A home health nurse is providing education for the family of a client who has dementia. Which of the following interventions should the nurse recommend?
Place a soft rug in front of the client's chair.
Set the client's water heater at 140° F.
Encourage the client to take a 1 hr nap in the afternoon.
Limit fluid intake after the client's evening meal.
The Correct Answer is C
Choice A reason: Placing a soft rug in front of the client’s chair increases the risk of tripping and falling. Clients with dementia often have impaired judgment, coordination, and gait instability. Loose rugs are a well-known environmental hazard in home safety assessments, and therefore this intervention is unsafe.
Choice B reason: Setting the water heater at 140° F is dangerous because clients with dementia may not recognize the risk of burns. Safe water heater settings are typically recommended at or below 120° F to prevent scalding injuries. High temperatures pose a significant safety risk for cognitively impaired individuals.
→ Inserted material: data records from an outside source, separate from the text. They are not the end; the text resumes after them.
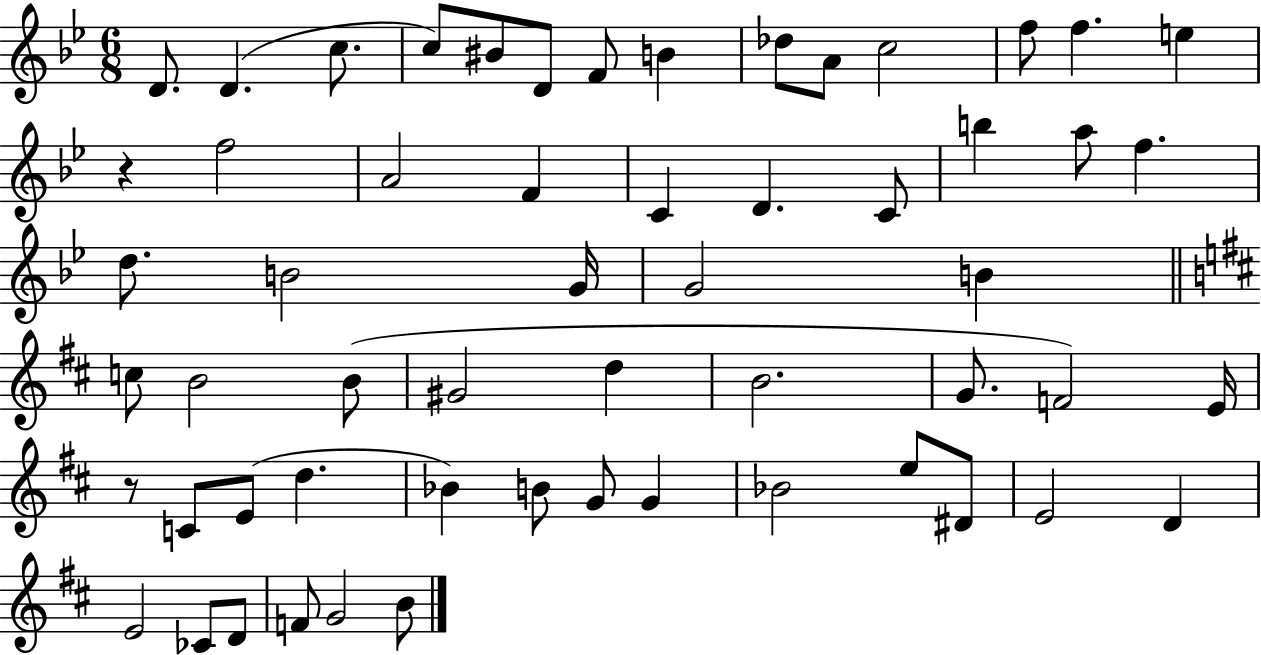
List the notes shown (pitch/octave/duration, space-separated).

D4/e. D4/q. C5/e. C5/e BIS4/e D4/e F4/e B4/q Db5/e A4/e C5/h F5/e F5/q. E5/q R/q F5/h A4/h F4/q C4/q D4/q. C4/e B5/q A5/e F5/q. D5/e. B4/h G4/s G4/h B4/q C5/e B4/h B4/e G#4/h D5/q B4/h. G4/e. F4/h E4/s R/e C4/e E4/e D5/q. Bb4/q B4/e G4/e G4/q Bb4/h E5/e D#4/e E4/h D4/q E4/h CES4/e D4/e F4/e G4/h B4/e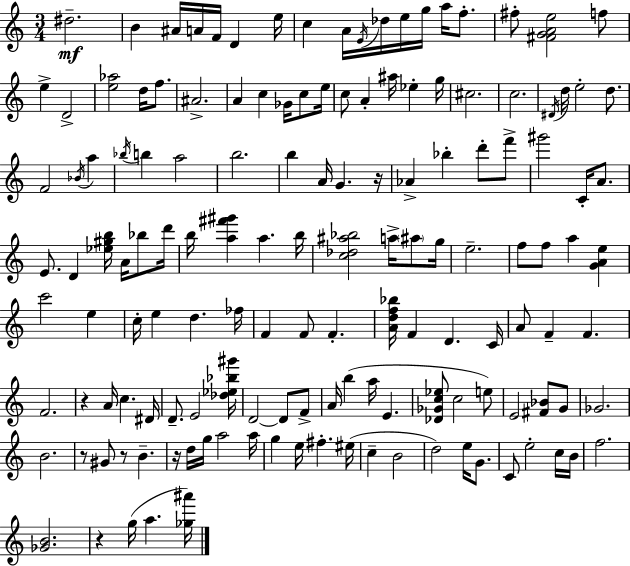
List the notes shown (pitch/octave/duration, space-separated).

D#5/h. B4/q A#4/s A4/s F4/s D4/q E5/s C5/q A4/s E4/s Db5/s E5/s G5/s A5/s F5/e. F#5/e [F#4,G4,A4,E5]/h F5/e E5/q D4/h [E5,Ab5]/h D5/s F5/e. A#4/h. A4/q C5/q Gb4/s C5/e E5/s C5/e A4/q A#5/s Eb5/q G5/s C#5/h. C5/h. D#4/s D5/s E5/h D5/e. F4/h Bb4/s A5/q Bb5/s B5/q A5/h B5/h. B5/q A4/s G4/q. R/s Ab4/q Bb5/q D6/e F6/e G#6/h C4/s A4/e. E4/e. D4/q [Eb5,G#5,B5]/s A4/s Bb5/e D6/s B5/s [A5,F#6,G#6]/q A5/q. B5/s [C5,Db5,A#5,Bb5]/h A5/s A#5/e G5/s E5/h. F5/e F5/e A5/q [G4,A4,E5]/q C6/h E5/q C5/s E5/q D5/q. FES5/s F4/q F4/e F4/q. [A4,D5,F5,Bb5]/s F4/q D4/q. C4/s A4/e F4/q F4/q. F4/h. R/q A4/s C5/q. D#4/s D4/e. E4/h [Db5,Eb5,Bb5,G#6]/s D4/h D4/e F4/e A4/s B5/q A5/s E4/q. [Db4,Gb4,C5,Eb5]/e C5/h E5/e E4/h [F#4,Bb4]/e G4/e Gb4/h. B4/h. R/e G#4/e R/e B4/q. R/s D5/s G5/s A5/h A5/s G5/q E5/s F#5/q. EIS5/s C5/q B4/h D5/h E5/s G4/e. C4/e E5/h C5/s B4/s F5/h. [Gb4,B4]/h. R/q G5/s A5/q. [Gb5,A#6]/s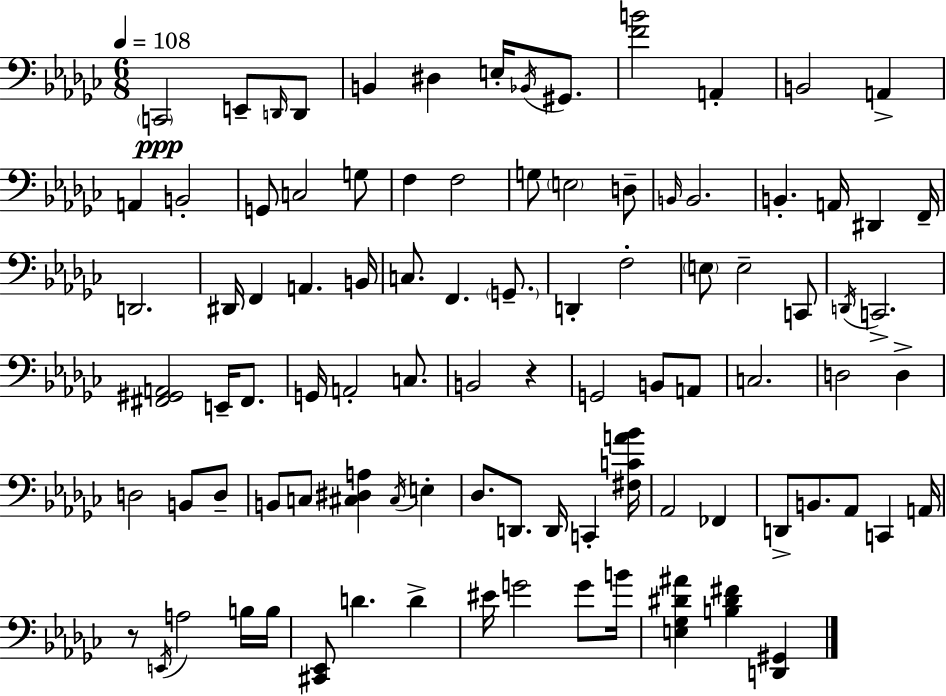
{
  \clef bass
  \numericTimeSignature
  \time 6/8
  \key ees \minor
  \tempo 4 = 108
  \repeat volta 2 { \parenthesize c,2\ppp e,8-- \grace { d,16 } d,8 | b,4 dis4 e16-. \acciaccatura { bes,16 } gis,8. | <f' b'>2 a,4-. | b,2 a,4-> | \break a,4 b,2-. | g,8 c2 | g8 f4 f2 | g8 \parenthesize e2 | \break d8-- \grace { b,16 } b,2. | b,4.-. a,16 dis,4 | f,16-- d,2. | dis,16 f,4 a,4. | \break b,16 c8. f,4. | \parenthesize g,8.-- d,4-. f2-. | \parenthesize e8 e2-- | c,8 \acciaccatura { d,16 } c,2.-> | \break <fis, gis, a,>2 | e,16-- fis,8. g,16 a,2-. | c8. b,2 | r4 g,2 | \break b,8 a,8 c2. | d2 | d4-> d2 | b,8 d8-- b,8 c8 <cis dis a>4 | \break \acciaccatura { cis16 } e4-. des8. d,8. d,16 | c,4-. <fis c' a' bes'>16 aes,2 | fes,4 d,8-> b,8. aes,8 | c,4 a,16 r8 \acciaccatura { e,16 } a2 | \break b16 b16 <cis, ees,>8 d'4. | d'4-> eis'16 g'2 | g'8 b'16 <e ges dis' ais'>4 <b dis' fis'>4 | <d, gis,>4 } \bar "|."
}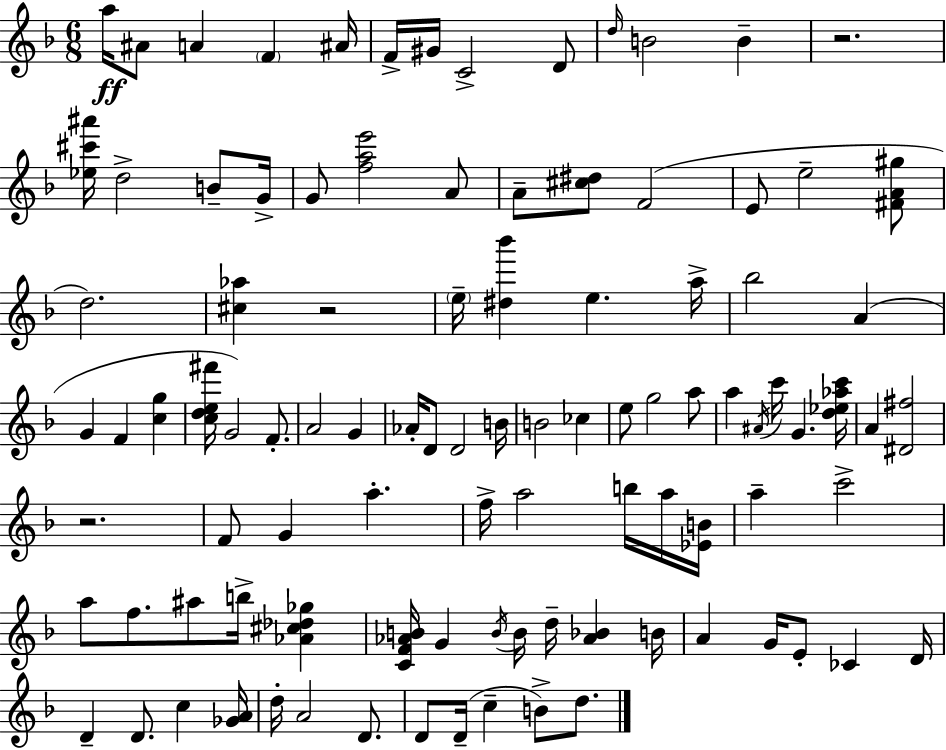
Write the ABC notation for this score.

X:1
T:Untitled
M:6/8
L:1/4
K:Dm
a/4 ^A/2 A F ^A/4 F/4 ^G/4 C2 D/2 d/4 B2 B z2 [_e^c'^a']/4 d2 B/2 G/4 G/2 [fae']2 A/2 A/2 [^c^d]/2 F2 E/2 e2 [^FA^g]/2 d2 [^c_a] z2 e/4 [^d_b'] e a/4 _b2 A G F [cg] [cde^f']/4 G2 F/2 A2 G _A/4 D/2 D2 B/4 B2 _c e/2 g2 a/2 a ^A/4 c'/4 G [d_e_ac']/4 A [^D^f]2 z2 F/2 G a f/4 a2 b/4 a/4 [_EB]/4 a c'2 a/2 f/2 ^a/2 b/4 [_A^c_d_g] [CF_AB]/4 G B/4 B/4 d/4 [_A_B] B/4 A G/4 E/2 _C D/4 D D/2 c [_GA]/4 d/4 A2 D/2 D/2 D/4 c B/2 d/2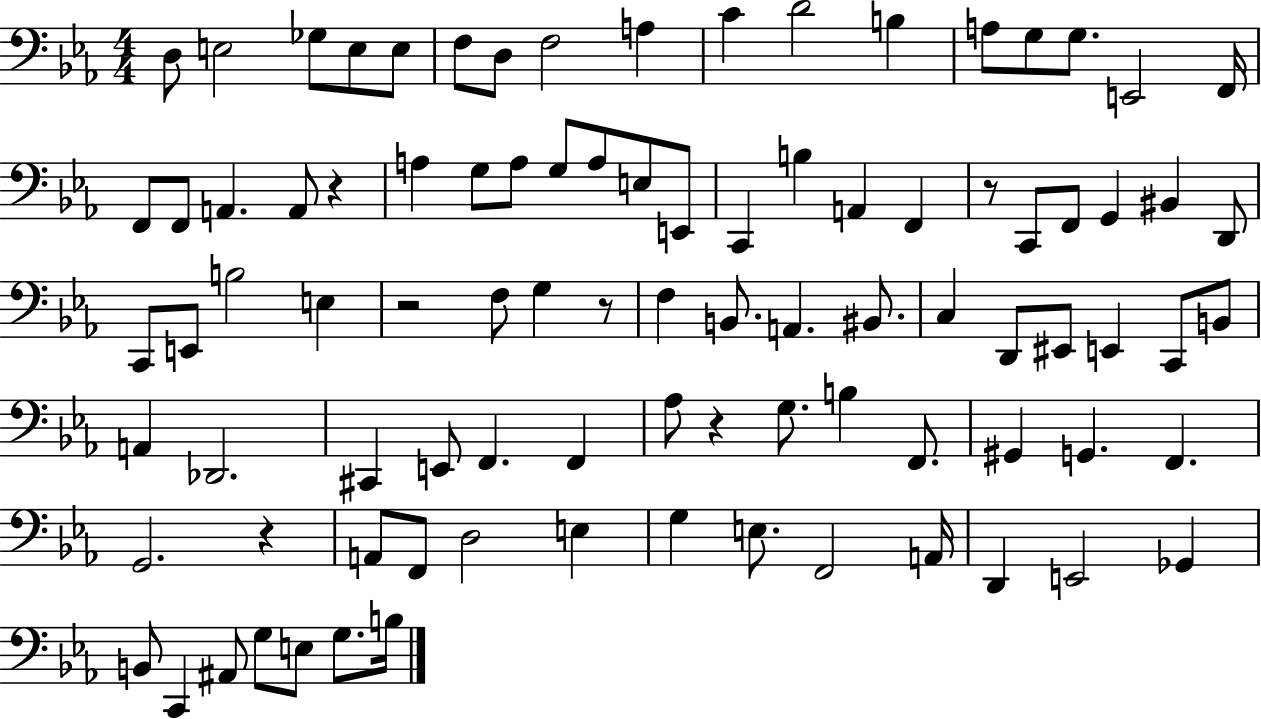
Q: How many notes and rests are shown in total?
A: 91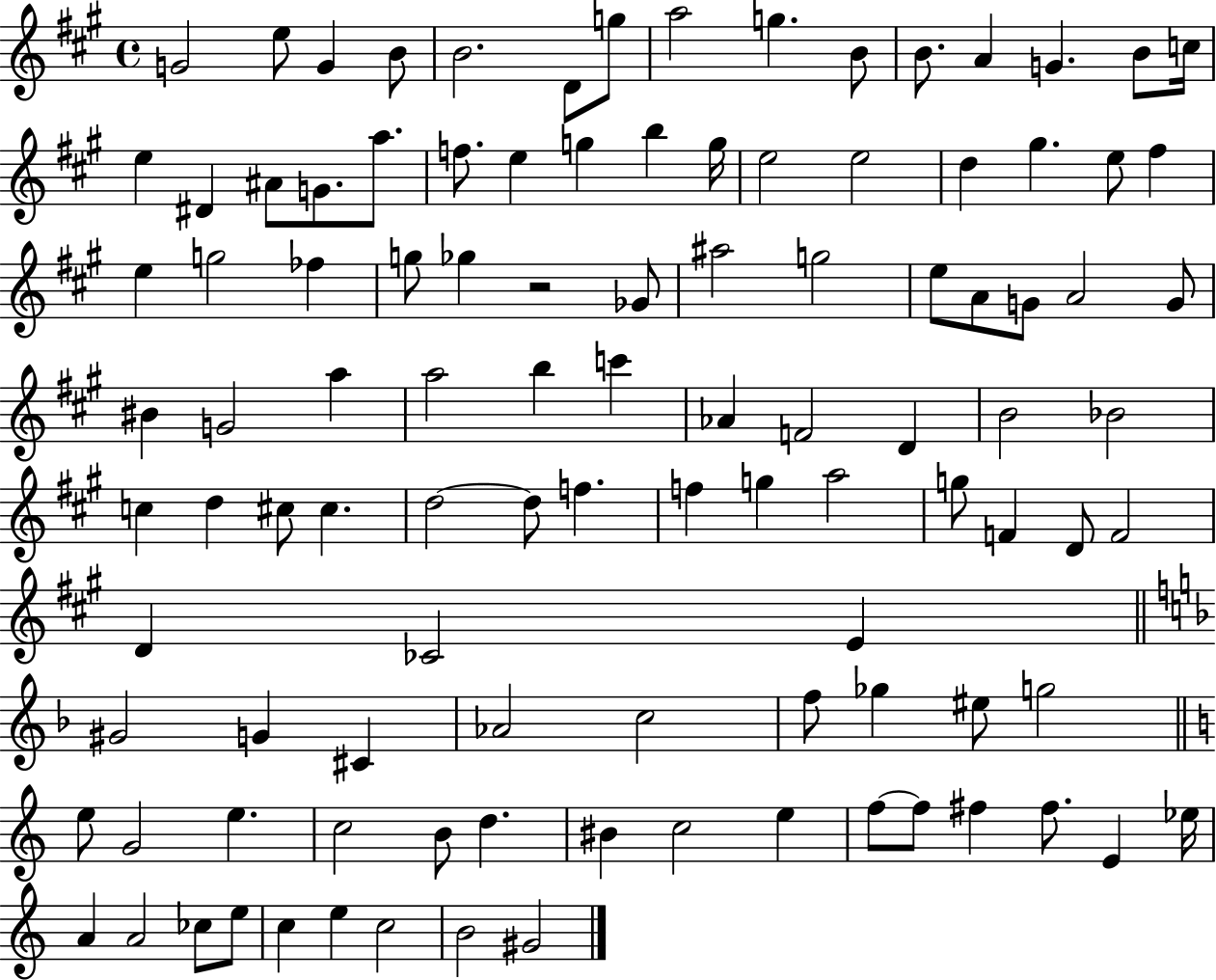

Choice C reason: Encouraging a 1-hour nap in the afternoon is beneficial. Clients with dementia often experience fatigue, irritability, and sundowning (worsening confusion in the evening). A structured rest period helps reduce agitation, improves mood, and supports overall functioning. This intervention promotes both safety and comfort.
Choice D reason: Limiting fluid intake after the evening meal can lead to dehydration and urinary tract infections. While nighttime incontinence may be a concern, restricting fluids is not recommended because hydration is critical for cognitive and physical health. Instead, toileting schedules and protective measures should be used.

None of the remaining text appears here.